■ **DATASET ENTRIES**
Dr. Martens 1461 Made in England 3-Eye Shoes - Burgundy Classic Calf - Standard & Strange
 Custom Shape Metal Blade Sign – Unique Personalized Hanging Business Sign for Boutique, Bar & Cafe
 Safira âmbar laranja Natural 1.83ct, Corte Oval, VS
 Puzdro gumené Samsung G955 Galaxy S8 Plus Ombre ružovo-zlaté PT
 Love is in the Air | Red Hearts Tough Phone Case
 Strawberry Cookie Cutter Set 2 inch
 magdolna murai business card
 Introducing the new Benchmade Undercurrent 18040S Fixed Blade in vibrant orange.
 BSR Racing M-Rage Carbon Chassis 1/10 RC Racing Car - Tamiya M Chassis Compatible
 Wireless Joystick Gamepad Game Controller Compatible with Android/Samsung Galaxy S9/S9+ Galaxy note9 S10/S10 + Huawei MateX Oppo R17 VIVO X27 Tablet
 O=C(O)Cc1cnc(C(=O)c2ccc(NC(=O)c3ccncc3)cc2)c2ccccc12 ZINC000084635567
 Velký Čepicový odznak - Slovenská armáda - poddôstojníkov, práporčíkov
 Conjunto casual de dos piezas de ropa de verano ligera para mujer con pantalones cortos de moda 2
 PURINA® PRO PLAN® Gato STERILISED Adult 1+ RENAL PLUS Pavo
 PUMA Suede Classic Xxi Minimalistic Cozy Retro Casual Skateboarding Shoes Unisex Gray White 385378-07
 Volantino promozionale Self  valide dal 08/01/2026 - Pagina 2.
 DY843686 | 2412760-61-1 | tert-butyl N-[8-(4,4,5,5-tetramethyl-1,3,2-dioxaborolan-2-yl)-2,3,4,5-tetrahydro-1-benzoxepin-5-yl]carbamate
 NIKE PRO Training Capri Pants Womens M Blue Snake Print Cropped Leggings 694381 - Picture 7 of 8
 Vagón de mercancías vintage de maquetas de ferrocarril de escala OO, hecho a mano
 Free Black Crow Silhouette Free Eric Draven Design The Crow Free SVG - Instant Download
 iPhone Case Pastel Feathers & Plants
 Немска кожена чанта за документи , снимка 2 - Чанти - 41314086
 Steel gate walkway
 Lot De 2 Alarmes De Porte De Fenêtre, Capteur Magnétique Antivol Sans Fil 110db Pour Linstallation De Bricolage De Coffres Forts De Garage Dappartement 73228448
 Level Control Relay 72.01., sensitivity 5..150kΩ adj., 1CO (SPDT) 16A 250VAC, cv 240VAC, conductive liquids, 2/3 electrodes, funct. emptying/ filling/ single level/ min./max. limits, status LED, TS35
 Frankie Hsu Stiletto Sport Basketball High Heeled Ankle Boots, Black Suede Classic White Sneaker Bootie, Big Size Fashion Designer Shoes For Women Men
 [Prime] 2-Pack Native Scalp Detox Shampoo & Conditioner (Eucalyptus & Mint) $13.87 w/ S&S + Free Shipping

■ **TASK PROMPT**
Only the lines above starting with the one with "Introducing the new" and going through the one with "PUMA Suede Classic" are to be copied, word for word and with both ends kept.

■ **WRITTEN RESPONSE**
 Introducing the new Benchmade Undercurrent 18040S Fixed Blade in vibrant orange.
 BSR Racing M-Rage Carbon Chassis 1/10 RC Racing Car - Tamiya M Chassis Compatible
 Wireless Joystick Gamepad Game Controller Compatible with Android/Samsung Galaxy S9/S9+ Galaxy note9 S10/S10 + Huawei MateX Oppo R17 VIVO X27 Tablet
 O=C(O)Cc1cnc(C(=O)c2ccc(NC(=O)c3ccncc3)cc2)c2ccccc12 ZINC000084635567
 Velký Čepicový odznak - Slovenská armáda - poddôstojníkov, práporčíkov
 Conjunto casual de dos piezas de ropa de verano ligera para mujer con pantalones cortos de moda 2
 PURINA® PRO PLAN® Gato STERILISED Adult 1+ RENAL PLUS Pavo
 PUMA Suede Classic Xxi Minimalistic Cozy Retro Casual Skateboarding Shoes Unisex Gray White 385378-07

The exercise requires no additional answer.